Northern Virginia is 11 percent Latino, 11 percent black and 9 percent Asian American, according to census numbers. The region's delegation to Richmond has no Latinos or blacks. An African American, George E. Lovelace, held a House seat from Fairfax in 1996 and 1997. Del. Marian Van Landingham (D-Alexandria), co-chairman of the House Privileges and Elections Committee, said that many of the residents of the proposed district are recent immigrants who are unlikely to vote, either because they are not citizens or not yet heavily involved in community affairs.

"To go out and begin to talk about them being able to elect their person is a bit of a stretch," said Van Landingham, who predicted that Darner would move into the district in time for the fall elections. "My assumption is they'll reelect Karen Darner." Darner said she was inclined to relocate. "I'd have to move across the street," she said, adding that it was Democrats who first proposed a heavily Latino district. The Republicans "got the idea from us." Latino and Asian American community leaders called the proposed district a step forward for minority political participation, but questioned whether a minority delegate would be elected any time soon.

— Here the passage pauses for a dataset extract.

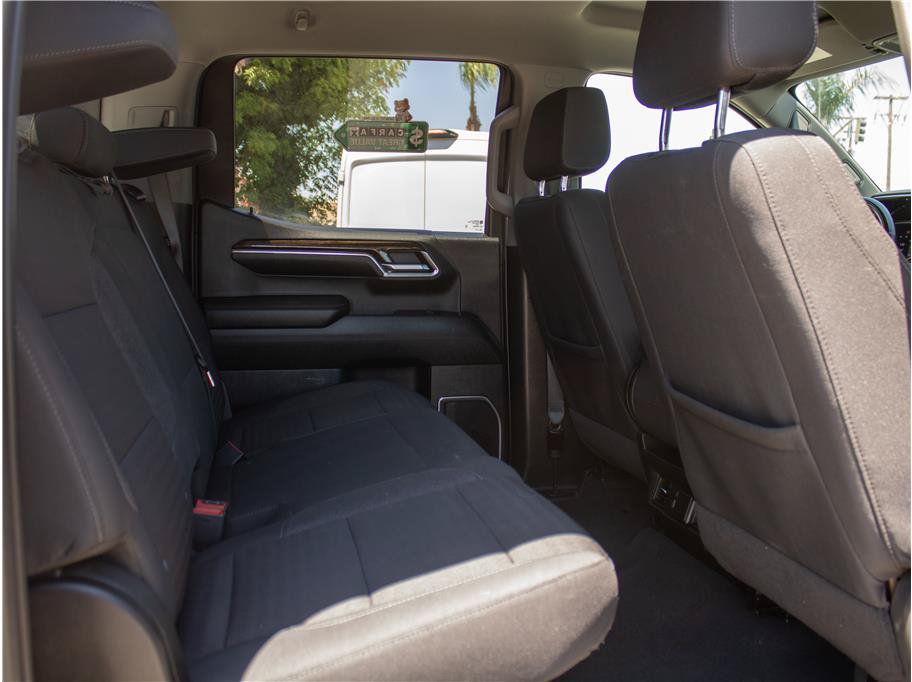 Used 2024 GMC Sierra 1500 SLE RWD image 9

Jose Ramos, president of the Salvadoran-American Association of Northern Virginia, said the redistricting would spur an effort to register more Latino voters. "I think we're part of the new reality," said Ramos, who lives in the area near the Cora Kelly Center in Alexandria, part of the proposed new district. He said he does not think the area's Latino community is ready to put up a candidate for state office. Ramos said most of the Latinos in the new district would be Salvadorans, but that other Latin Americans, notably Bolivians, figure prominently in the community. Ilryong Moon, a Korean American who formerly served on the Fairfax County School Board, said Latinos may not be the largest voting bloc.

"I suspect that a large part of that population is probably not made up of [U.S.] citizens, so they won't be able to vote," he said. Besides, "we cannot assume that a minority voter would vote for a minority candidate," he said. The proposed district was the product of talks between House Republican leaders and the Virginia branch of the NAACP, as well as other voting-rights advocates such as the American Civil Liberties Union and the Atlanta-based Southern Regional Council. House Speaker S. Vance Wilkins Jr. (R-Amherst) and King Salim Khalfani, executive director of the state NAACP, said the civil rights groups raised the possibility of creating the district by pointing out the stunning transformation of Northern Virginia's population.

"The issue was for voters to have some influence, especially in those communities that historically have not participated," Khalfani said. Wilkins said the district "is the logical outgrowth of the population shifts up there. We hadn't really thought about it until the NAACP sent us a letter." In the Senate, the Republican majority also took special steps to preserve the Latino community around Baileys Crossroads, revising its plan for a new 31st District to include the Baileys precinct, rather than putting it farther south in the 35th District. Sen. William C. Mims (R-Loudoun), who drafted the Senate's redistricting plan for Northern Virginia, said moving the Baileys precinct would help maintain "the community of interest" for Fairfax Latinos. However, Sen. Leslie L. Byrne (D-Fairfax), a member of the Senate redistricting committee, said that the Mims plan had the effect of "slicing and dicing" the Latino community and diluting its strength. Staff writer William Branigin contributed to this report.